Hay quien ha inventando su propio Sistema Solar, he ahí a Puigdemont, que decide las horas que tiene una jornada o los días que tarda la Tierra en completar un año. La imaginación es libre y muy hija de su puñetera madre o su puñetero padre. Para aliviar está imposibilidad de escapar, tal y como está el espacio interior, habrá quien recurra a las drogas ilegales y el alcohol. Pero, para no caer en vicios inconfesables, está Carmena, nuestra «little pony», esos caballitos con melenas cursis que viven en un mundo imaginario y que resumen la infantilización de la política como una de las bellas artes.

La alcaldesa de Madrid nos hace felices pintando los pasos de cebra con los colores de la bandera gay o invitándonos a tejer una bandera para el Día del Orgullo, como si fuera la tata o la abuela que de pequeños nos llevaba al tiovivo de espaldas a mamá. Con ella se acabaron los problemas.
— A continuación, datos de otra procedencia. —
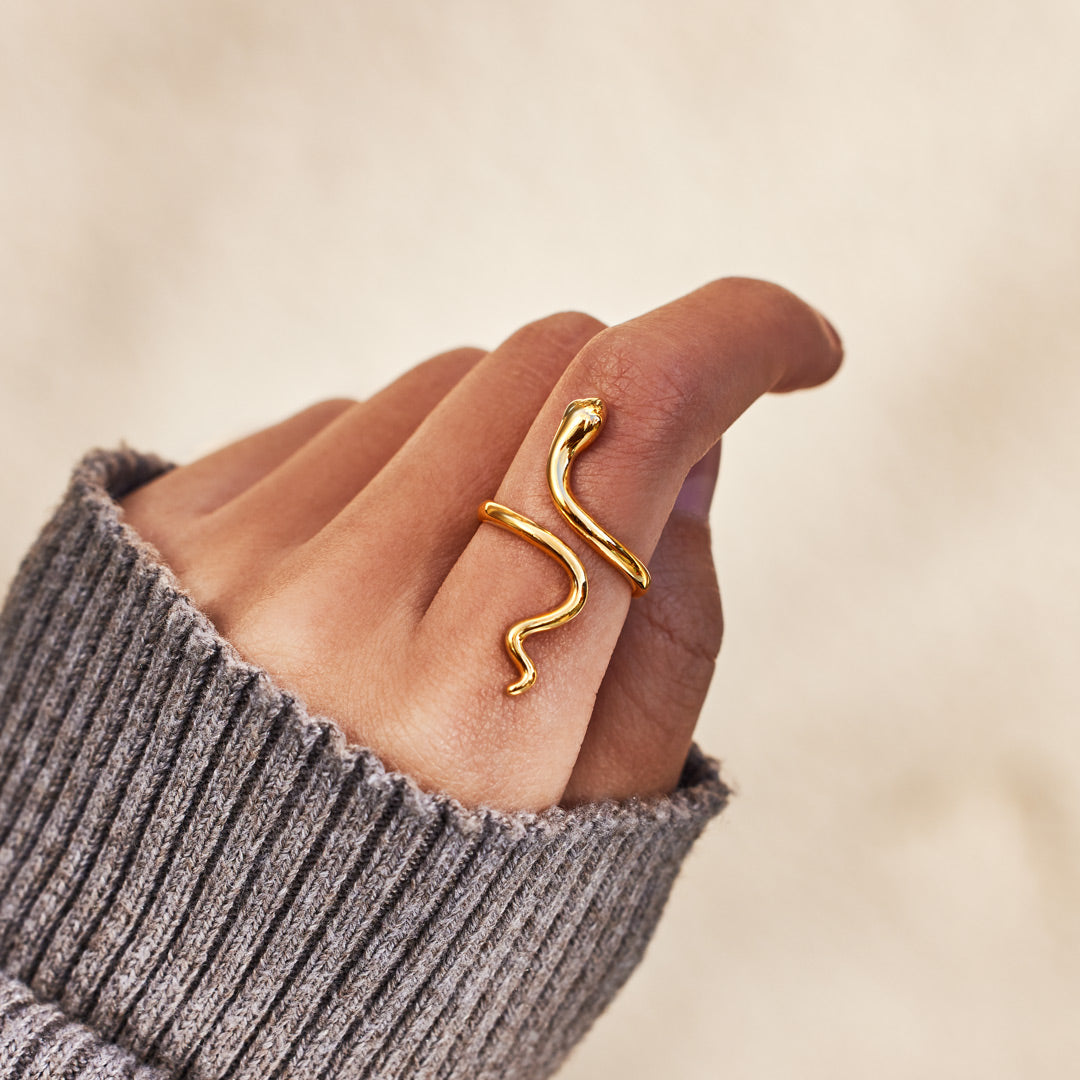 Be Free Minimalist Snake Open Ring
No tendrá ni que pensar en si debemos ir a los lavabos según sea el sexo con el que cada uno se identifica, esa polémica que ha reverdecido Trump, porque en Madrid, a diario y más en fiestas, se mea en la calle. La ciudad es un río de orines que desemboca en el Manzanares. Un lugar putrefacto en el que se ha socializado el baño. Sólo hay que darse una vuelta no muy canalla. No es necesario encargar ningún estudio. Puede que «Little pony» viva en un planeta paralelo en el que su casa de rica no hay que enseñarla a los pobres, como pretende con los hogares de otros pudientes a los que quiere agachar la cabeza con esa excursión de niños como de «Plácido» para estigmatizar la pobreza y la riqueza.

Que la gran idea para normalizar la homosexualidad sea un taller de costura no pude venir más que de una galaxia lejana a la que los mayores no estamos invitados. Convertir a «Chucky», el muñeco diabólico, en «Little pony» es, además de un acto psicodélico, una mentira estratosférica. Como si Rajoy hiciera de los parados unos clicks de Famobil. Un dislate extraterrestre sólo apto para los que ingieren pirulas. Estas iniciativas extravagantes y buenrollistas alejan el foco de donde están los problemas de un Madrid sudado que a pie de calle retrata muy bien la película «Que Dios nos perdone». Grafitis, descansillos cutres y santurrones que resultan ser violadores de ancianas. Nada que objetar si la alcaldesa entretiene a sus nietos jugando a la gallinita ciega. Los que por desgracia somos adultos merecemos que nos respeten las canas.